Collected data
####################

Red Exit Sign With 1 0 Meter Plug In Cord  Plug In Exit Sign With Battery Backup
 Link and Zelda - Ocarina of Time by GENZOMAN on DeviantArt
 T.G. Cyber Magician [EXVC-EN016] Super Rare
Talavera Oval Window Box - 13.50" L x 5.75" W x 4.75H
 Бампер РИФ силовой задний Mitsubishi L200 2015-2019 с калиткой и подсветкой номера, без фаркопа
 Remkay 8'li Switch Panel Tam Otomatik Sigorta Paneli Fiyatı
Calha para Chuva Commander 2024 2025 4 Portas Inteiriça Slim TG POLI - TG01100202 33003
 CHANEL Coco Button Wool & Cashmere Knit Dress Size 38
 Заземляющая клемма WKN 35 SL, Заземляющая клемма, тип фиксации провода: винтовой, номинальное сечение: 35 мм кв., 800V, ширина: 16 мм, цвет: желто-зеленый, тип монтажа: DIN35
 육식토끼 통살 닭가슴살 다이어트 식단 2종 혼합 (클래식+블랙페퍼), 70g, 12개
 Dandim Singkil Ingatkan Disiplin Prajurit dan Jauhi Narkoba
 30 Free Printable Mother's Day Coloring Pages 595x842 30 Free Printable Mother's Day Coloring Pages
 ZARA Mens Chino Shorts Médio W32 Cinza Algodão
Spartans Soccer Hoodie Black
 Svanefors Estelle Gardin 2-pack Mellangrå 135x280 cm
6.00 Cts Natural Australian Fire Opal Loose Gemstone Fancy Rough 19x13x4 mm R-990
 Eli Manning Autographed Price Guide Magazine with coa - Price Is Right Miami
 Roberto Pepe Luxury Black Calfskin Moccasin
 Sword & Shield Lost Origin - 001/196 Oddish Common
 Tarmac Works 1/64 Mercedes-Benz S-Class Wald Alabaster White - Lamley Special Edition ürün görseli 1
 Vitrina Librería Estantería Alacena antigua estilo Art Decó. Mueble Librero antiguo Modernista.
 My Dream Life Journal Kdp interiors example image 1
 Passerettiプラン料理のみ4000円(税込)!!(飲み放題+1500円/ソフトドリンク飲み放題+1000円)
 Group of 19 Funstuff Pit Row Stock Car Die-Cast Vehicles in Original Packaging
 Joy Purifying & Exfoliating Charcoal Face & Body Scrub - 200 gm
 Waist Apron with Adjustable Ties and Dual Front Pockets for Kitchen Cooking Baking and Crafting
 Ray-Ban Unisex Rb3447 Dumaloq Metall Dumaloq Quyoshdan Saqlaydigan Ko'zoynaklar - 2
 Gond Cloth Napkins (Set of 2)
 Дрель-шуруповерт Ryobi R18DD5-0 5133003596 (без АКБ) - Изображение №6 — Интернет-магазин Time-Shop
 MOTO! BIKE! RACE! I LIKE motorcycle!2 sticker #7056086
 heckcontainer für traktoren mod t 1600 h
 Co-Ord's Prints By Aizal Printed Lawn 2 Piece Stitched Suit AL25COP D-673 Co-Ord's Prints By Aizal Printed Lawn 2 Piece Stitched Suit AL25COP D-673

####################

WHAT YOU NEED TO DO |
Above are the records; from them, give again exactly the lines from the one containing "CHANEL Coco Button" through the one containing "Дрель-шуруповерт Ryobi R18DD5-0", both included.

RESULT BELOW |
 CHANEL Coco Button Wool & Cashmere Knit Dress Size 38
 Заземляющая клемма WKN 35 SL, Заземляющая клемма, тип фиксации провода: винтовой, номинальное сечение: 35 мм кв., 800V, ширина: 16 мм, цвет: желто-зеленый, тип монтажа: DIN35
 육식토끼 통살 닭가슴살 다이어트 식단 2종 혼합 (클래식+블랙페퍼), 70g, 12개
 Dandim Singkil Ingatkan Disiplin Prajurit dan Jauhi Narkoba
 30 Free Printable Mother's Day Coloring Pages 595x842 30 Free Printable Mother's Day Coloring Pages
 ZARA Mens Chino Shorts Médio W32 Cinza Algodão
Spartans Soccer Hoodie Black
 Svanefors Estelle Gardin 2-pack Mellangrå 135x280 cm
6.00 Cts Natural Australian Fire Opal Loose Gemstone Fancy Rough 19x13x4 mm R-990
 Eli Manning Autographed Price Guide Magazine with coa - Price Is Right Miami
 Roberto Pepe Luxury Black Calfskin Moccasin
 Sword & Shield Lost Origin - 001/196 Oddish Common
 Tarmac Works 1/64 Mercedes-Benz S-Class Wald Alabaster White - Lamley Special Edition ürün görseli 1
 Vitrina Librería Estantería Alacena antigua estilo Art Decó. Mueble Librero antiguo Modernista.
 My Dream Life Journal Kdp interiors example image 1
 Passerettiプラン料理のみ4000円(税込)!!(飲み放題+1500円/ソフトドリンク飲み放題+1000円)
 Group of 19 Funstuff Pit Row Stock Car Die-Cast Vehicles in Original Packaging
 Joy Purifying & Exfoliating Charcoal Face & Body Scrub - 200 gm
 Waist Apron with Adjustable Ties and Dual Front Pockets for Kitchen Cooking Baking and Crafting
 Ray-Ban Unisex Rb3447 Dumaloq Metall Dumaloq Quyoshdan Saqlaydigan Ko'zoynaklar - 2
 Gond Cloth Napkins (Set of 2)
 Дрель-шуруповерт Ryobi R18DD5-0 5133003596 (без АКБ) - Изображение №6 — Интернет-магазин Time-Shop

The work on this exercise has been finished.